La maña alimenticia inquieta y ofende, no solo a los padres, sino a la sociedad entera. El destino del mañoso no está solo marcado por las limitaciones culinarias, sino también por la vergüenza y la reprobación del resto: rechazar el alimento es un pecado, una falla de carácter grave, y sobre todo, una señal de inaptitud para la supervivencia. El niño mañoso es visto como mal criado, y los padres lo saben y les angustia. Comienza entonces una lucha contra el mañoso que se basa en premisas totalmente erróneas. Primero, que la maña es una elección: el mañoso elige serlo, se niega a las experiencias y a los sabores. Segundo, que la maña es mental: se debe a un estado interior de predisposición negativa o de prejuicio ante ciertos alimentos. Tercero, que la maña se quita con acostumbramiento, con terapia de shock: si se fuerza al mañoso, una y otra vez, a comer, aunque sea pequeñas cucharadas, del alimento mañoseado, eventualmente se acostumbrará y le gustará.
La violenta batalla campal contra la maña, con sus armas de castigo, detención forzada, negociaciones y demases, solo logran convertir el ritual del almuerzo en un momento desagradable y traumático, en la hora del día que el mañoso más teme. Esto se debe al gran malentendido: la maña no es mental, no es una decisión del mañoso, es corporal e inevitable. El reflejo de la arcada aparece para indicarselo a los padres, ¿cómo podría el infante mañoso voluntariamente hacer una arcada? El mismo infante no comprende, desearía no tener la maña, hace el esfuerzo, temeroso, de acercarse la cucharada a la boca. Ese miedo está ahí porque sabe que al final de ese esfuerzo solo puede esperarlo la desagradable arcada, y los rostros de indignación de los padres, las recriminaciones sociales con la eterna comparación de los niños muriendo de hambre en África, la sensación del infante de estar fallando en una de las tareas básicas y fundamentales de la supervivencia, que además para el resto parece tan fácil.

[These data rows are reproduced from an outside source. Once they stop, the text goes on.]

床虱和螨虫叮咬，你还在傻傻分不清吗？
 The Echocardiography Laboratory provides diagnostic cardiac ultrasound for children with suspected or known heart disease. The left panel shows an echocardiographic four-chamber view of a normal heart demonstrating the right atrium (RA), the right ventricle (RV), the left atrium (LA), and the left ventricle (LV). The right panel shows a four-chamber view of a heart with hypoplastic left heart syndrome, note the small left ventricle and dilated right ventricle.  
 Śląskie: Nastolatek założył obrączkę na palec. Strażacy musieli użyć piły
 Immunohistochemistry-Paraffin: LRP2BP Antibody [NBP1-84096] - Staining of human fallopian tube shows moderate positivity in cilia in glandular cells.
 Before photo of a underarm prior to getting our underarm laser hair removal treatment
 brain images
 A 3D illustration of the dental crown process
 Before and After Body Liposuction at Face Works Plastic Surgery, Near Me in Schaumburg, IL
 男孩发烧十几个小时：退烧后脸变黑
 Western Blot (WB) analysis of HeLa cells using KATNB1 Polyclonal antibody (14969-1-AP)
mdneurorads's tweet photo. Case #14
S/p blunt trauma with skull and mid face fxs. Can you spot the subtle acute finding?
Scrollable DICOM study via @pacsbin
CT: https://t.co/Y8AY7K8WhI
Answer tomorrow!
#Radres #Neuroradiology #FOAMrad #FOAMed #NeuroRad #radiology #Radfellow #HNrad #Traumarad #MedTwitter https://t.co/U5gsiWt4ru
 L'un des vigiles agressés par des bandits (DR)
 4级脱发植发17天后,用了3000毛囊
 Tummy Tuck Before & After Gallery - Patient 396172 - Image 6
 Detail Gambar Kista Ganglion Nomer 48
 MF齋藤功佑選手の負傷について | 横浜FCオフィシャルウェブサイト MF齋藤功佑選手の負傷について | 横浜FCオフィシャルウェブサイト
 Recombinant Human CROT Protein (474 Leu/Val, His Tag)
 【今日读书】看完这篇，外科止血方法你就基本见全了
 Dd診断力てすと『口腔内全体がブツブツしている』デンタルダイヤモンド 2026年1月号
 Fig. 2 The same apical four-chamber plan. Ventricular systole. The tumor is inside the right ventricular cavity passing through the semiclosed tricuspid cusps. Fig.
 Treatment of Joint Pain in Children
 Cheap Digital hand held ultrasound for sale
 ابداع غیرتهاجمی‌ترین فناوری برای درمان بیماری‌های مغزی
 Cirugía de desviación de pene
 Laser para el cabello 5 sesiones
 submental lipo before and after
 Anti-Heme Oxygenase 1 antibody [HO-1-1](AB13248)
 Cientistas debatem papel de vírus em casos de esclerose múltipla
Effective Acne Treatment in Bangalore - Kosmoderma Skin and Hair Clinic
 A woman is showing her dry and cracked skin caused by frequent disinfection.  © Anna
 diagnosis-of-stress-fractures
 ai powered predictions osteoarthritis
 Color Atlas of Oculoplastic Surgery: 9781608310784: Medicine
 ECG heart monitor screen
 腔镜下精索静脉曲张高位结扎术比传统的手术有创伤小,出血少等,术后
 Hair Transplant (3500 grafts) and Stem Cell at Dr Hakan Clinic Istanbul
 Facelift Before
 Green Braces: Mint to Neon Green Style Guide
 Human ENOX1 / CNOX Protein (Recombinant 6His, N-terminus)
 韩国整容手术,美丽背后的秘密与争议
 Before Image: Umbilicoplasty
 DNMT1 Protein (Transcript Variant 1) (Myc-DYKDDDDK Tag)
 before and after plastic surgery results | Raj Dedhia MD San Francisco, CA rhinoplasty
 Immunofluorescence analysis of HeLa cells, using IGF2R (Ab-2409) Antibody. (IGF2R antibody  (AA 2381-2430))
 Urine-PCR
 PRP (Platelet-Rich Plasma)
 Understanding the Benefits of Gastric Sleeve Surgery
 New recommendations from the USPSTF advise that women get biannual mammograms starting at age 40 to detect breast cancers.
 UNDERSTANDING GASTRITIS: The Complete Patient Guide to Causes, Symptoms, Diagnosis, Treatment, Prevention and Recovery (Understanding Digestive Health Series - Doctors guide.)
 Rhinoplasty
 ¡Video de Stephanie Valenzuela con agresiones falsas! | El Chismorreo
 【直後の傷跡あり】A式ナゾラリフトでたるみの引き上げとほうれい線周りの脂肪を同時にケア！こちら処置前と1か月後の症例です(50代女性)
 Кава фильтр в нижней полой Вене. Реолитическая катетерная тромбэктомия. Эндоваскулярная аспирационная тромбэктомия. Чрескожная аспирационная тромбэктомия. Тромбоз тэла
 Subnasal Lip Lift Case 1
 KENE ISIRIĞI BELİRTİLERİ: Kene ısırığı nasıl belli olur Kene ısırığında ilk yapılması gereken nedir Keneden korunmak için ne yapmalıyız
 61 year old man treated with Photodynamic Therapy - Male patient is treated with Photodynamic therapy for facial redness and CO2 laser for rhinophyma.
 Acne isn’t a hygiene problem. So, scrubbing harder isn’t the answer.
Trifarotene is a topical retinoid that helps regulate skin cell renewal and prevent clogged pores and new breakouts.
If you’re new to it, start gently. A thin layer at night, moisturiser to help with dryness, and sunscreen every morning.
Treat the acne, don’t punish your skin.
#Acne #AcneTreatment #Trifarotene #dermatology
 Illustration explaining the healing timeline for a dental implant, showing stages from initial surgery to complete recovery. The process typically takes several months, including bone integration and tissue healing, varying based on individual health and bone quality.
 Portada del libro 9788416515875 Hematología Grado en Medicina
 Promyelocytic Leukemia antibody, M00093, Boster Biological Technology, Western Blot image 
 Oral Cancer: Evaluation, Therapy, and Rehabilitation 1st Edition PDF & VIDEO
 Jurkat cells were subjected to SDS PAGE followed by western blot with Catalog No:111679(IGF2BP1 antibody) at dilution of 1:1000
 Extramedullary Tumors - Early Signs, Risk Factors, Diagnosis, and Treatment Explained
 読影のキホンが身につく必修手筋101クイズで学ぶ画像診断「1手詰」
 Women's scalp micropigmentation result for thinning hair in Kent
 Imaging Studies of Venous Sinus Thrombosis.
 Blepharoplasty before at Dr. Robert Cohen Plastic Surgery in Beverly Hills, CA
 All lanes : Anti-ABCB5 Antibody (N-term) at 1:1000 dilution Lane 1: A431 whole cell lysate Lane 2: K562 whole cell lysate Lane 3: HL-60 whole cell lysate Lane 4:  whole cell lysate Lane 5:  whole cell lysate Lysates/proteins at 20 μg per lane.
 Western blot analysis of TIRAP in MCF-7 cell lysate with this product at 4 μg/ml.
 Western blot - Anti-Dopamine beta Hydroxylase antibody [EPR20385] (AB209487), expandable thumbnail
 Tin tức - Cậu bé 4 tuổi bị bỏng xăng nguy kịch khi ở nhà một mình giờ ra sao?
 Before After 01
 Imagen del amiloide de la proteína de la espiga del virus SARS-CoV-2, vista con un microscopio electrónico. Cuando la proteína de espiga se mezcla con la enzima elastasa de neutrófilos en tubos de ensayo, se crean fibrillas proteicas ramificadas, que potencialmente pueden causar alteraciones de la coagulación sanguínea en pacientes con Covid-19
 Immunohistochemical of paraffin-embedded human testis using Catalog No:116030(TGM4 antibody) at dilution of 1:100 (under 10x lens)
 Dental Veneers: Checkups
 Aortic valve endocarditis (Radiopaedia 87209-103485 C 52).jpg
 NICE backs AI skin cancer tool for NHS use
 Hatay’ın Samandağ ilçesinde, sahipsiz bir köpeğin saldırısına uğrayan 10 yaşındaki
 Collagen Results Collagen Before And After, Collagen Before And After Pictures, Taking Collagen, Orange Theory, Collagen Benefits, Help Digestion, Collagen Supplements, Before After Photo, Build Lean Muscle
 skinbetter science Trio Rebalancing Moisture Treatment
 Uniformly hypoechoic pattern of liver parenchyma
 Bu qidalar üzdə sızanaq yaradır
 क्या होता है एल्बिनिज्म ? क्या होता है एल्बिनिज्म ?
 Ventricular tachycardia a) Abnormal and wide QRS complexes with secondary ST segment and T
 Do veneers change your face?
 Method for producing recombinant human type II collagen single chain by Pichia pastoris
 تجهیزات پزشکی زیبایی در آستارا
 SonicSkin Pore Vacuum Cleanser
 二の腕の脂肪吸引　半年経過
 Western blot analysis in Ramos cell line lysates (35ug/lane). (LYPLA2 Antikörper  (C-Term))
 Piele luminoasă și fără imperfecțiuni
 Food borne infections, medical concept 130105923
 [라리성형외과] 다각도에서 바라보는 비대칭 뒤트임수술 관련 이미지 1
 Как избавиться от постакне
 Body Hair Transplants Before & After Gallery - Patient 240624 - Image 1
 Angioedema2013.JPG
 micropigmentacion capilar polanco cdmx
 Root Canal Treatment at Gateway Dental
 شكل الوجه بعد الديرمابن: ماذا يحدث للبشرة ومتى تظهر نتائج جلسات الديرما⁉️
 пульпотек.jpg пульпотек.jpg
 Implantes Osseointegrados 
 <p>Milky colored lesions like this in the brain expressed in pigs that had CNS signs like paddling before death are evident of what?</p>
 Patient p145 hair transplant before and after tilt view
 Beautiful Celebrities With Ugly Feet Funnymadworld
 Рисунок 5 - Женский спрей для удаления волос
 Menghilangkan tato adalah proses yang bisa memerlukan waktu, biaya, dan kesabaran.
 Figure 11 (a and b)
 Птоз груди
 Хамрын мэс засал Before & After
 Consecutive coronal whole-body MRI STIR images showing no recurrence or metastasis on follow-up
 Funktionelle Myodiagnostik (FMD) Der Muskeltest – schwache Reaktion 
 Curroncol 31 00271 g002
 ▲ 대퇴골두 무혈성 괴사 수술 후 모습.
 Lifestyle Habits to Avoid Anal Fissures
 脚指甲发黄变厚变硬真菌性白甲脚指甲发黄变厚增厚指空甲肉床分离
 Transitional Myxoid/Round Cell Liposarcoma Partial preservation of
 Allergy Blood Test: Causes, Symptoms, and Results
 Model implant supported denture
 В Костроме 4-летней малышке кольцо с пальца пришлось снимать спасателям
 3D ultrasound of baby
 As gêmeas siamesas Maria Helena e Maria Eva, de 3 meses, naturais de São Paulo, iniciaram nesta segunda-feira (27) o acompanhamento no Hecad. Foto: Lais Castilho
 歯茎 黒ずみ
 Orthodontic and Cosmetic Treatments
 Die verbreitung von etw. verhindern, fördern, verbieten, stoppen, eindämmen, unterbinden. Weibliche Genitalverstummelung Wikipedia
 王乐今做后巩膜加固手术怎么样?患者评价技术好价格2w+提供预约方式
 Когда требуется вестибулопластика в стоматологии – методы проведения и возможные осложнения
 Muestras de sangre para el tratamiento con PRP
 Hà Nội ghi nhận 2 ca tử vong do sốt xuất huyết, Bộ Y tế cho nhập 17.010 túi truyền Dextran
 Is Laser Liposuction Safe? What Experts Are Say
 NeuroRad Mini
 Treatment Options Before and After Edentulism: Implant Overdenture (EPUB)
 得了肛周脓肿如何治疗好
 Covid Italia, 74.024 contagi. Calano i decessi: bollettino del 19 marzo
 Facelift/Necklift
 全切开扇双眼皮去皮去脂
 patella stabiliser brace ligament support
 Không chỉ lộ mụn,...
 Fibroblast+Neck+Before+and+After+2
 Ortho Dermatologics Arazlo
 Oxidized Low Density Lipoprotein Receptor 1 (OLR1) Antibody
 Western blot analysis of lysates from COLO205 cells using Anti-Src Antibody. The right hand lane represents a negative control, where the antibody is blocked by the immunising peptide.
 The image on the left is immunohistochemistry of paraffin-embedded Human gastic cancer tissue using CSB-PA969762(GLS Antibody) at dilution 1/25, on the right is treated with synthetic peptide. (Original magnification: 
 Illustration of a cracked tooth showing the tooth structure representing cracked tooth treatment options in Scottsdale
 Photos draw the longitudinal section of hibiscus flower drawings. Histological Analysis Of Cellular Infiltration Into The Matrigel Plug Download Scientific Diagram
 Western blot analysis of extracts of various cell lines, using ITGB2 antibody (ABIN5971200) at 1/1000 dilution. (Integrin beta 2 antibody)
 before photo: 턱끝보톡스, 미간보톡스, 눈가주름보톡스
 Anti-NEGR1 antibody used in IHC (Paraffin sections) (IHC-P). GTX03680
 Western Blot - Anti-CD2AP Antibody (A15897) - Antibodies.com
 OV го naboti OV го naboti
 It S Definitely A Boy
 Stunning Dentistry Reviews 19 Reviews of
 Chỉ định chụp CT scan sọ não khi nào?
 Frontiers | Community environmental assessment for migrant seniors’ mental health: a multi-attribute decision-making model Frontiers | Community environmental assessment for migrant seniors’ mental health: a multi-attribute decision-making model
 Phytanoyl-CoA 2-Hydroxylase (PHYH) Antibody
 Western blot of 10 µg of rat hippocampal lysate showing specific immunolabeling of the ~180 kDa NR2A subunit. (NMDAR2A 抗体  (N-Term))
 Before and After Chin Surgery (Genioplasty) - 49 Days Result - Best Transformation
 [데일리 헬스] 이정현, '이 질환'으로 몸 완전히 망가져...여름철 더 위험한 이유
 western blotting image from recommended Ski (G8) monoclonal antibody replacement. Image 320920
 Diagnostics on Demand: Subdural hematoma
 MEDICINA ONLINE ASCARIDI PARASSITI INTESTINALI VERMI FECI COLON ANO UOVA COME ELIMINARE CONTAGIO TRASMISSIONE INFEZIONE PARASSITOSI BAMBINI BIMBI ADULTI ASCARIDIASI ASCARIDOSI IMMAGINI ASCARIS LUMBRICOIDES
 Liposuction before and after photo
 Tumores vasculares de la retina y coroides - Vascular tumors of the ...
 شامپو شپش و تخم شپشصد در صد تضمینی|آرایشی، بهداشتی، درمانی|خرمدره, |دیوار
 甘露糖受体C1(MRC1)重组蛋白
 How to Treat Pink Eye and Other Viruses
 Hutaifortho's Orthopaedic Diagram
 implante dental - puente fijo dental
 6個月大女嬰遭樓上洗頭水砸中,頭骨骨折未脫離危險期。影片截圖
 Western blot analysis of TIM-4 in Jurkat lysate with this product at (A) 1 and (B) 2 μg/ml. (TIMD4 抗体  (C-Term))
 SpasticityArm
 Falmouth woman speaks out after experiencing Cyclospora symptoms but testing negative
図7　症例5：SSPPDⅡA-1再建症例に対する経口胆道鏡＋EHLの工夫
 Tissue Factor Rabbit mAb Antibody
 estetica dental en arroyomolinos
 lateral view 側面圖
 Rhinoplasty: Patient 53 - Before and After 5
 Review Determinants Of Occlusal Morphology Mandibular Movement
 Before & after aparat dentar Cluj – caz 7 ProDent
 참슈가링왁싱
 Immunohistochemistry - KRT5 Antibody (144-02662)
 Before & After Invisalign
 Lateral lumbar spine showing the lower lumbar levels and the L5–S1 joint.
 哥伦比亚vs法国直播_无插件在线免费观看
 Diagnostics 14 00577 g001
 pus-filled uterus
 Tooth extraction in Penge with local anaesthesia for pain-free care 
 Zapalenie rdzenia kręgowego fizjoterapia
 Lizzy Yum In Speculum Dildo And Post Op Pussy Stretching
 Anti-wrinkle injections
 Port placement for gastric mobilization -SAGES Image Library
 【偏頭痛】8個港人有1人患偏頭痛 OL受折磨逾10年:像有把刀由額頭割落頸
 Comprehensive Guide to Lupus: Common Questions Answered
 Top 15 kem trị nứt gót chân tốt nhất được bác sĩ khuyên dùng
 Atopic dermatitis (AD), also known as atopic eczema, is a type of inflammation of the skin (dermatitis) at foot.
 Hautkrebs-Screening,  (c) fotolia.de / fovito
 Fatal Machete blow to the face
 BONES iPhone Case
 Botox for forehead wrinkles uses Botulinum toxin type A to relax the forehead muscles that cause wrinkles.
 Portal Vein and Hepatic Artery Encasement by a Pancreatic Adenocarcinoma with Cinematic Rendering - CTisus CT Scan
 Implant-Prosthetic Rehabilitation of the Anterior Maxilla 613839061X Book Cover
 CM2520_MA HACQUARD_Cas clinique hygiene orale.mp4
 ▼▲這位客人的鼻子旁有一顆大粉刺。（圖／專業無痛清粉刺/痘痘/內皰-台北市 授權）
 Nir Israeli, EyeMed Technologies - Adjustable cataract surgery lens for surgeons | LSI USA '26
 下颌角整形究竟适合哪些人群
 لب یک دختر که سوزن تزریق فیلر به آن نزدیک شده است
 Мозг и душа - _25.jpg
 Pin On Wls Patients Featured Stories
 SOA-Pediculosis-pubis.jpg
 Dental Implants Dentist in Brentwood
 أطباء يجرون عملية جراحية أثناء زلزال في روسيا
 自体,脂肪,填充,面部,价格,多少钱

En un punto de mi propia infancia, las estrategias de mis padres para enfrentarse a la mañosería fallaban una tras otra. La regla no te paras de la mesa hasta haberte comido todo, me llevó a desarrollar un estado meditativo casi zen. Vacíos los platos de todos menos el mío, mis padres y hermanos se paraban de la mesa y me dejaban sentado, solo con mi plato (o mi crimen). Mis padres se iban a dormir la siesta, y yo me quedaba sentado a la mesa por dos razones: por un lado el miedo a un castigo superior de no cumplir con ese castigo, por otro lado por una convicción moral, como forma de protesta política, de que la única forma de anular el castigo era cumpliéndolo sin chistar. Con la casa completa en silencio (exceptuando los ronquidos del papá), un plato hondo de estofado de pescado frío frente a mí, mi mente salía de mi cuerpo y encontraba todas la entretenciones posibles de la disociación. Eventualmente, quizás horas después, mi mamá o mi papá aparecían, me permitían levantarme de la mesa a condición de que el estofado sería guardado para la once, donde, después de refrigerado durante la tarde y recalentado, se comería. Esto, por supuesto, no pasaba. Una estrategia posterior era el castigo de mandarme a acostar si no vaciaba el plato. Mi contraestrategia fue preguntar qué había de almuerzo, y si preveía una posible maña, irme a acostar antes de almuerzo.

Pero ciertas prohibiciones y castigos no vienen de afuera. Ya consciente de mi condición de mañoso, durante los primeros años del colegio, inventaba excusas para rechazar las invitaciones a almorzar de las amistades del curso. La posibilidad de comer la comida de otra casa, de enfrentarme a ese mismo ritual sádico del almuerzo frente a otra familia era imposibilitante. Nada de quedarse a dormir ni irse de vacaciones con familias de amigas y amigos. Una vez, en la casa de un amigo, al cuidado de su hermano mayor, comí unos tallarines que estaban buenísimos. Esto después de haber pasado la noche nervioso y asustado porque sabía que al día siguiente tenía que almorzar y no sabía qué iba a suceder. En el peor de mis escenarios mentales, no podía disimular la arcada y la familia ajena me miraba como un bicho raro. Rechazar comida ofende, y siempre entendí por qué. Botar comida es una de las blasfemias más profundas, es destinar el larguísimo proceso productivo que sostiene la vida moderna al basurero. Y es, sobre todo, quitarle imaginariamente la comida de la boca a un otro hambriento. ¿Pero qué podía hacer yo con la arcada? ¿Qué remedio había contra el rechazo corporal de las texturas grumosas, los sabores agridulces, las sensaciones viscosas? 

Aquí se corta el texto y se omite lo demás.